--- DATA FOR THIS EXERCISE Enclosed Below ---

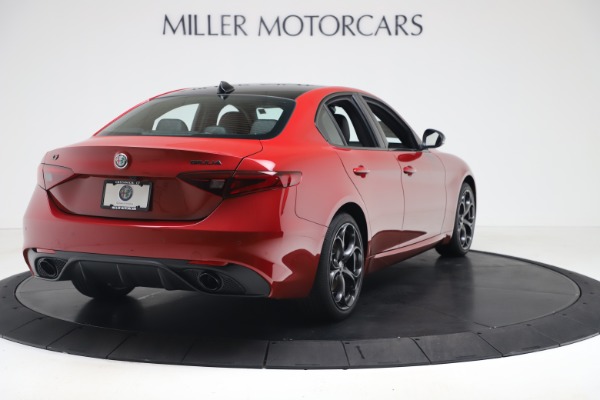 New 2020 Alfa Romeo Giulia Ti Sport Q4 for sale Sold at Maserati of Greenwich in Greenwich CT 06830 7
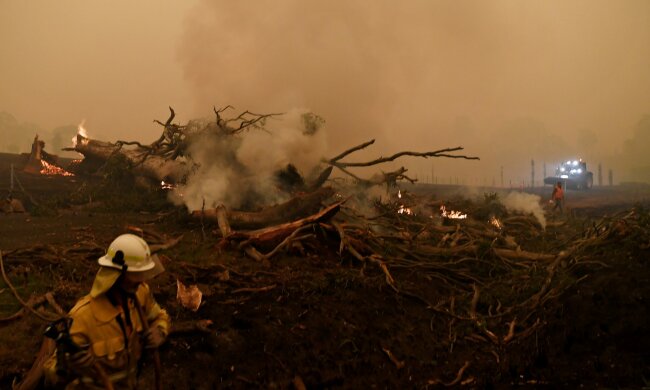 Ловушка в собственных домах: австралийцев отрезало от цивилизации, на континенте тревога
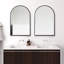 Mcfarren Metal Arch Wall Mirror-846200324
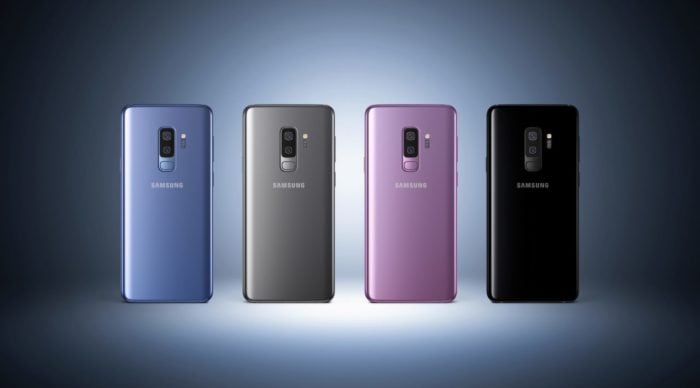 Galaxy S9 Android P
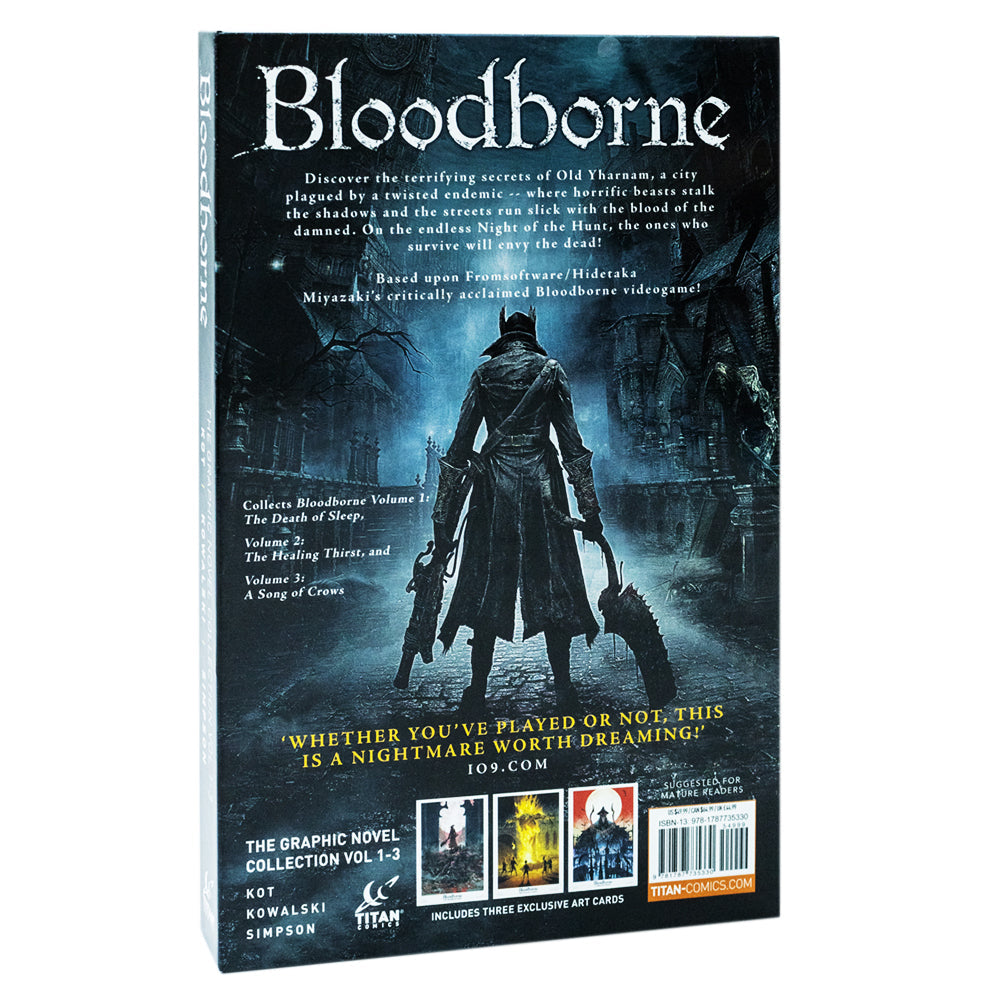 Bloodborne Series 3-Book Boxed Set by Ales Lot: The Death of Sleep, The Healing Thirst, A Song of Crows. Epic Fantasy Adventure, Mystery & Suspense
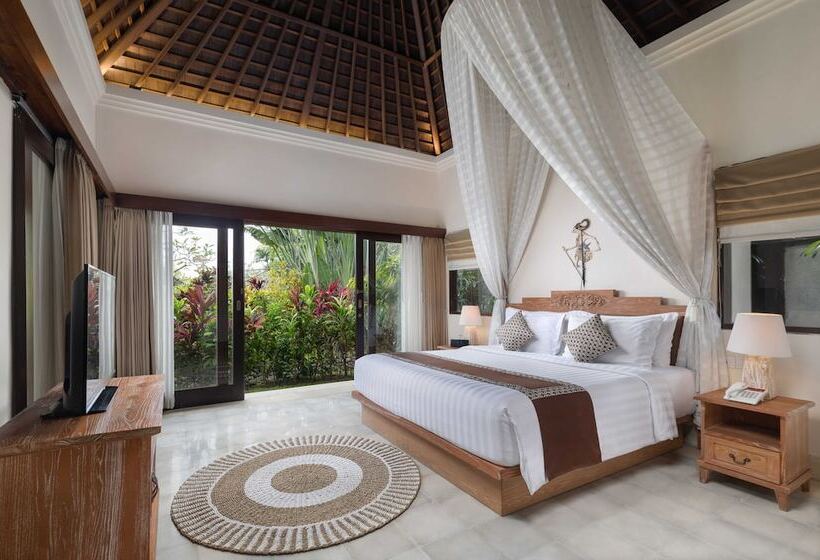 带2个卧室的别墅, Visesa Ubud Resort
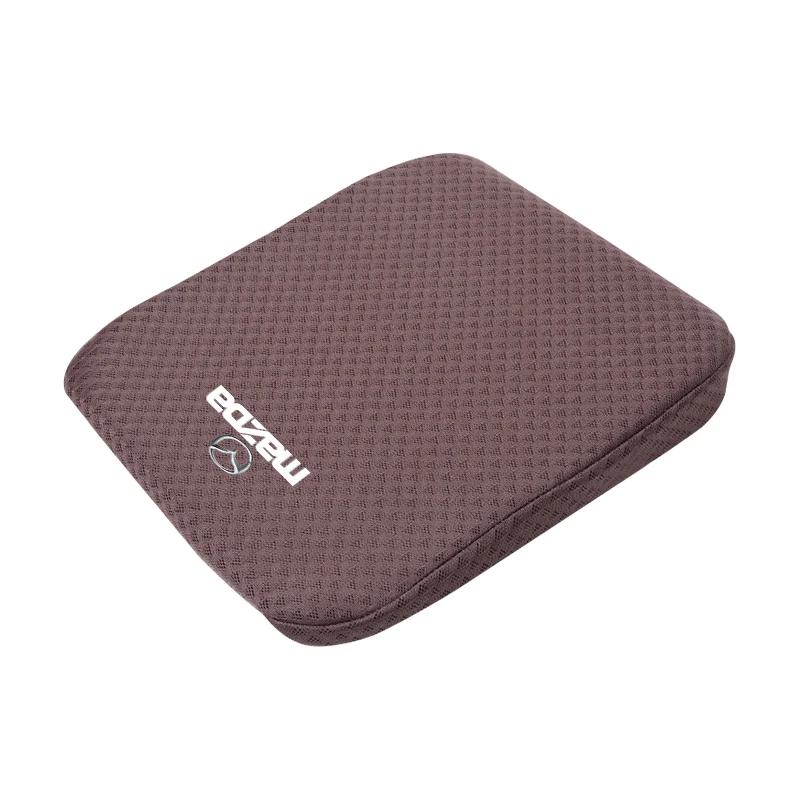 2025 Heiße Autositz-Weichmatten Leder Memory-Schaumstoffkern-Kissen für Mazda 2 3 6 5 Atenza CX3 CX5 MX5 CX7 Axela CX30 CX90 CX60 CX5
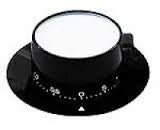 Wekker/Timer TeaCup — zwart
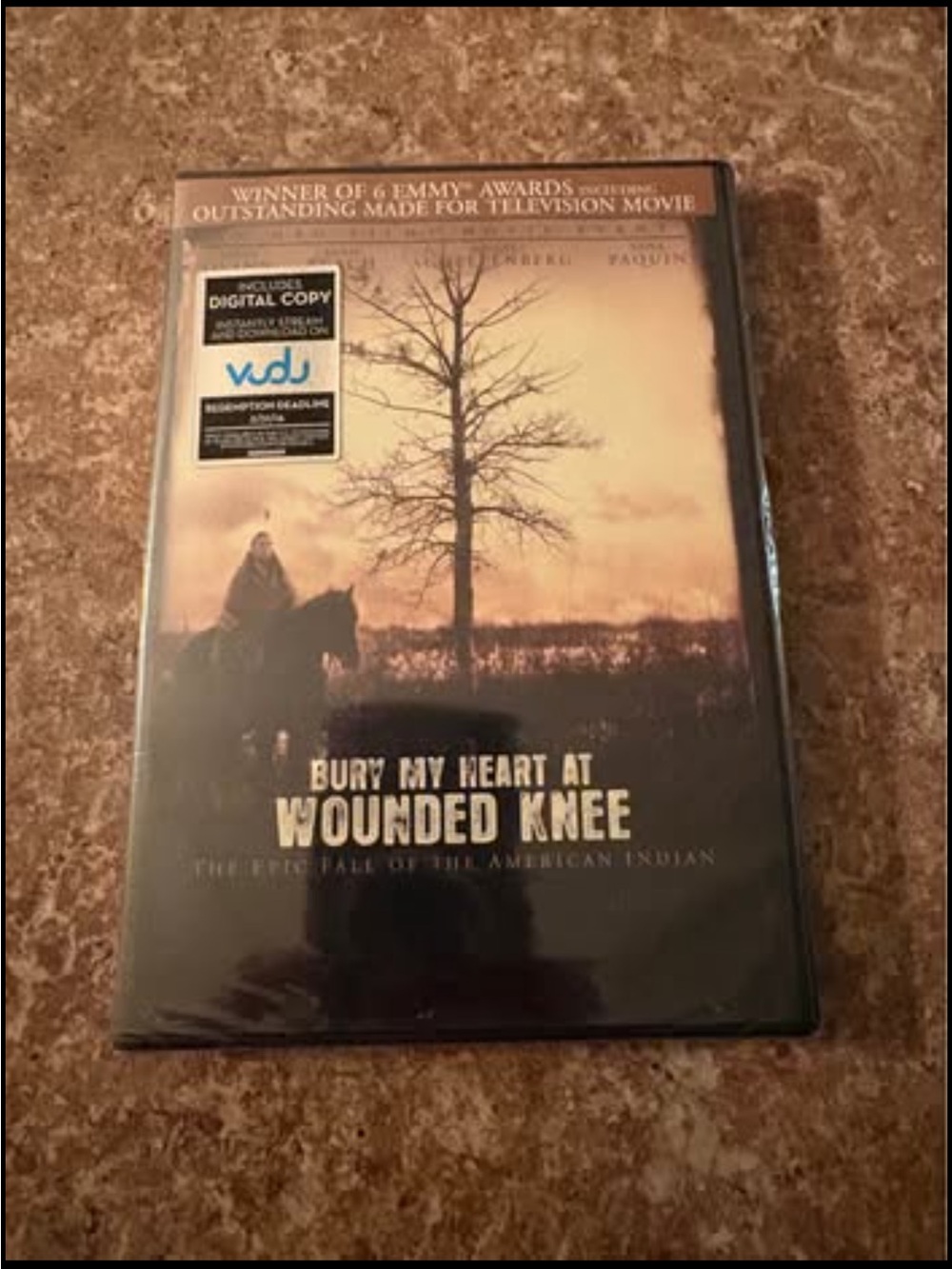 New Bury My Heart at Wounded Knee DVD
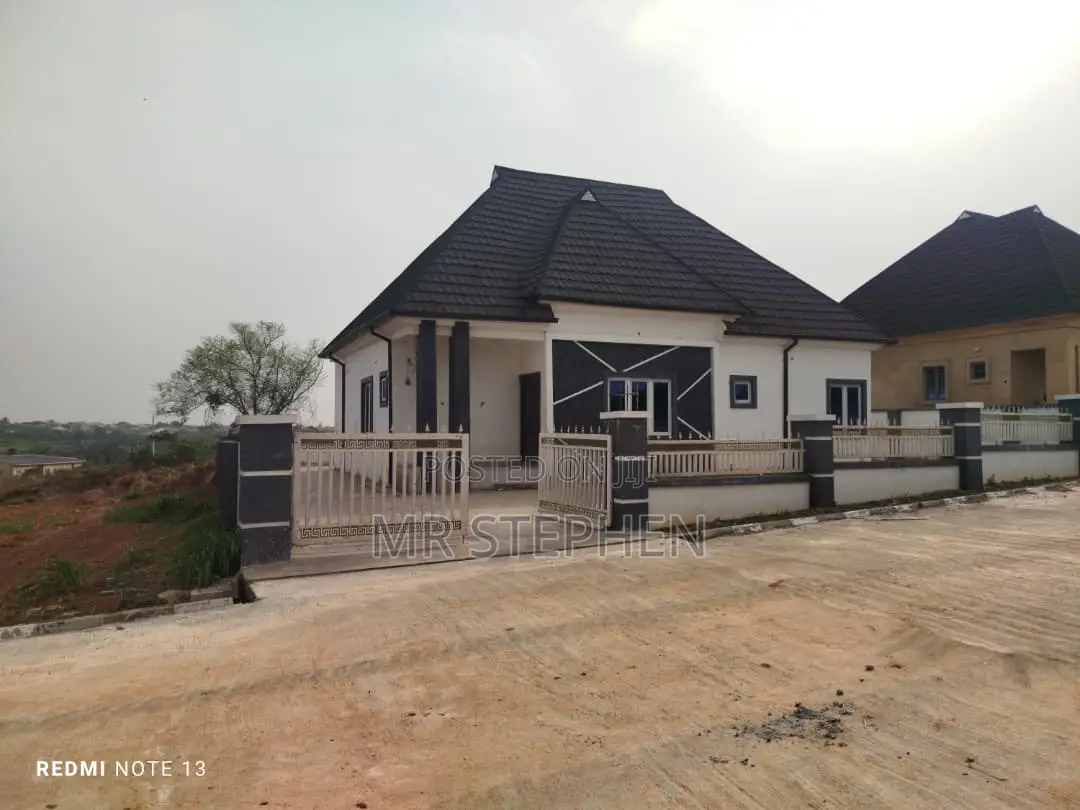 Finished 3 Bedroom Bungalow in a Secured Estate at Mowe Ofada in Obafemi-Owode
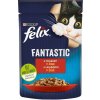 Felix cat kaps.-Fantastic hovädzie v želé 85 g Felix cat kaps.-Fantastic hovädzie v želé 85 g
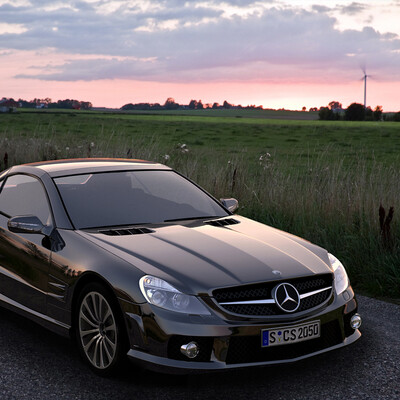 Mercedes SL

--- End of Enclosed DATA FOR THIS EXERCISE ---

When you reproduce the entries above, keep every word exactly and leave out each picture.

> EXERCISE ANSWER:
 New 2020 Alfa Romeo Giulia Ti Sport Q4 for sale Sold at Maserati of Greenwich in Greenwich CT 06830 7
 Ловушка в собственных домах: австралийцев отрезало от цивилизации, на континенте тревога
 Mcfarren Metal Arch Wall Mirror-846200324
 Galaxy S9 Android P
 Bloodborne Series 3-Book Boxed Set by Ales Lot: The Death of Sleep, The Healing Thirst, A Song of Crows. Epic Fantasy Adventure, Mystery & Suspense
 带2个卧室的别墅, Visesa Ubud Resort
 2025 Heiße Autositz-Weichmatten Leder Memory-Schaumstoffkern-Kissen für Mazda 2 3 6 5 Atenza CX3 CX5 MX5 CX7 Axela CX30 CX90 CX60 CX5
 Wekker/Timer TeaCup — zwart
 New Bury My Heart at Wounded Knee DVD
 Finished 3 Bedroom Bungalow in a Secured Estate at Mowe Ofada in Obafemi-Owode
 Felix cat kaps.-Fantastic hovädzie v želé 85 g Felix cat kaps.-Fantastic hovädzie v želé 85 g
 Mercedes SL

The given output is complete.